In this talk the speaker, an experienced cloud platform architect, shares practical experiences and reflections on building enterprise‑grade cloud application platforms, focusing on resource management, application management, and overall system design.

Resource Management and Application Management – Cloud‑based platforms are divided into two areas: (1) resource management technologies such as private clouds (OpenStack, CloudStack) and cluster management (Docker, Kubernetes, Mesos, etc.); (2) application construction and management, including deployment, monitoring, and elastic scaling.

The speaker reviews classic cluster technologies (Google’s GFS, MapReduce, BigTable, Borg, Mesos, Yarn, Kubernetes) and notes their evolution with container technologies.

Platform EGO – The Platform EGO system represents a 2.0 evolution of IBM Platform DCOS, originally designed in 2004‑2005 as a two‑layer scheduler (LSF + Symphony). It provides a resource manager, process execution manager, and various plugins for scheduling, deployment, events, and security.

EGO Architecture – The architecture follows a SOA model with core services (LIM, PEM, Master) and upper‑level services (initd, name service, cron, web API, portal, analytics). It supports C, Java, Python, and RESTful APIs. The Master is plugin‑based, loading resource, security, scheduling, provisioning, event, and execution plugins.

EGO Components

LIM (Load Information Manager) collects system metrics in a master‑slave fashion and abstracts resources as name‑type‑value triples, similar to the DMTF CIM model.

PEM (Process Execution Manager) executes tasks on allocated slots (CPU, memory, etc.) and abstracts work units as Containers/Activities.

Scheduling plugins allow custom policies; the author designed a DSL for administrators to write Python‑based scheduling strategies.

EGO Scheduling Strategy – The strategy considers application topology, resource load, network bandwidth, runtime characteristics, and supports resource fragmentation, migration, and multi‑tenant isolation.

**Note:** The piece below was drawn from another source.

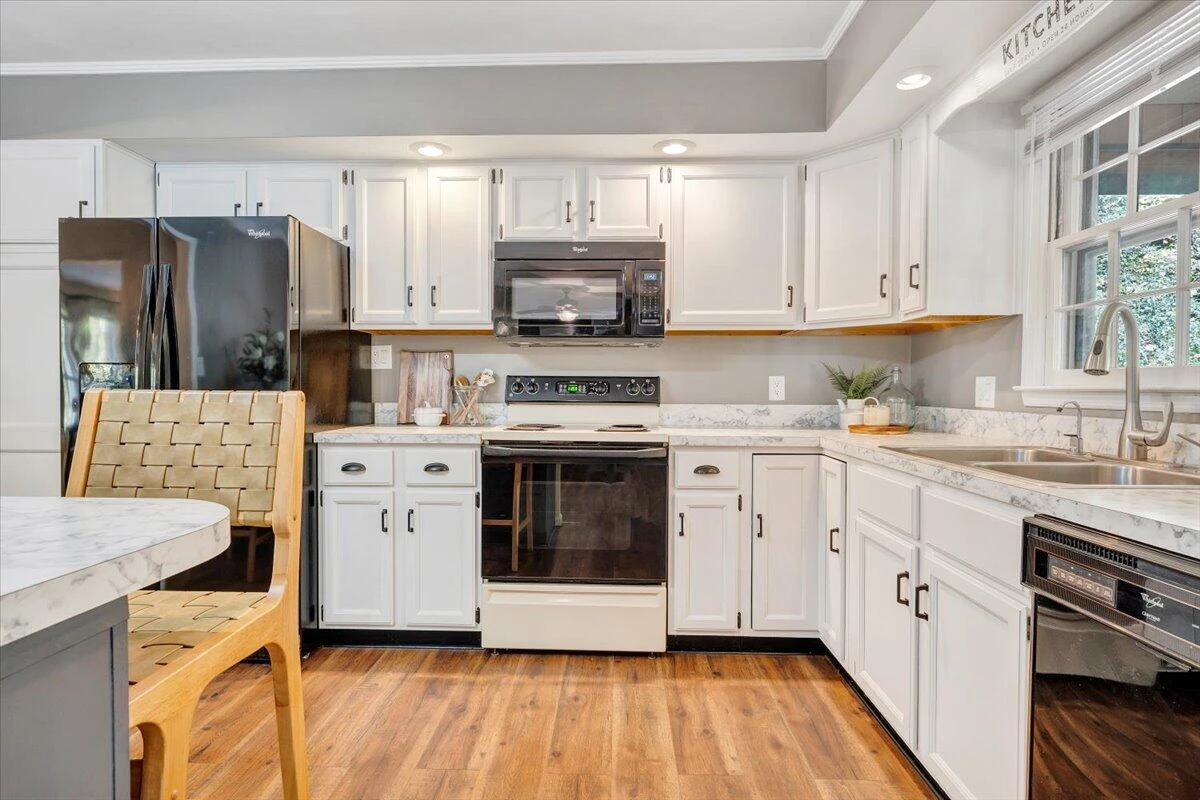 123 Oakwood RD - Photo 16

Comparison with Mesos, Yarn, Kubernetes – Enterprise platforms need strong management capabilities (≈70% management, 30% core functionality). EGO introduces concepts such as users, consumers, and sessions, adopts the CIM model for resource abstraction, and supports priority, pre‑allocation, real‑time allocation, and pre‑emptive scheduling.

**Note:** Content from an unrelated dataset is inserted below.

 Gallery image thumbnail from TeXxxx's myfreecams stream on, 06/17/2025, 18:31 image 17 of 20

Application Management – The SkyForm product automates resource provisioning, software deployment, and configuration for OpenStack, CloudStack, Tomcat, MySQL, Hadoop, and HPC. It introduced a custom package format and a graphical application designer.

Feedback highlighted challenges in user adoption, need for topology visualization, performance monitoring, and auto‑scaling based on metrics. The system integrates monitoring (Zabbix, New Relic) and exposes APIs for custom collectors.

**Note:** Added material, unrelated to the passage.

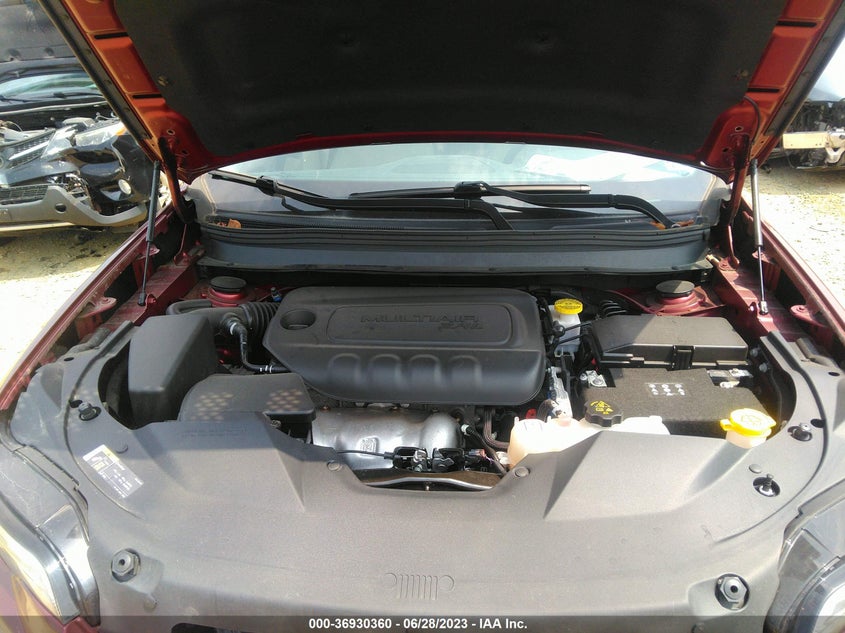 VIN 1C4PJMCB4KD352526 2019 JEEP CHEROKEE LATITUDE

Architecture Evolution – Inspired by AWS, the architecture evolved to separate deployment, CloudWatch‑like monitoring, and Auto‑Scaling services, supporting containers, VMs, and legacy applications, and embracing micro‑service design.

Key lessons include studying AWS services (IAM, Auto‑Scaling), adopting service‑oriented and plugin‑based designs, and ensuring multi‑tenant support.

Q&A Highlights

Resource‑centric vs. application‑centric architectures differ in focus on supply vs. business logic.

HDFS is best run on physical machines for I/O performance.

EGO is used in finance and telecom sectors.

Legacy components can be wrapped with façade/adaptor patterns to expose service interfaces.

Fine‑grained resource management uses tags, groups, and a rule language for selection and ordering.

Real‑time monitoring is achieved via LIM collecting CPU, memory, and disk metrics, with optional integration to Zabbix or New Relic.

Auto‑Scaling does not require service downtime; multiple scaling groups maintain a minimum baseline.

High‑availability relies on load‑balancing and shared storage; distributed consensus (etcd/ZooKeeper) can be used for larger scales.

Scheduling algorithms often use heuristic approaches such as knapsack or linear programming to produce near‑optimal allocations quickly.

Fault tolerance is achieved through shared storage, restart‑able components, and application‑level consistency handling.

The session concluded with a reminder to prioritize construction, operation, maintenance, and optimization when designing enterprise cloud platforms.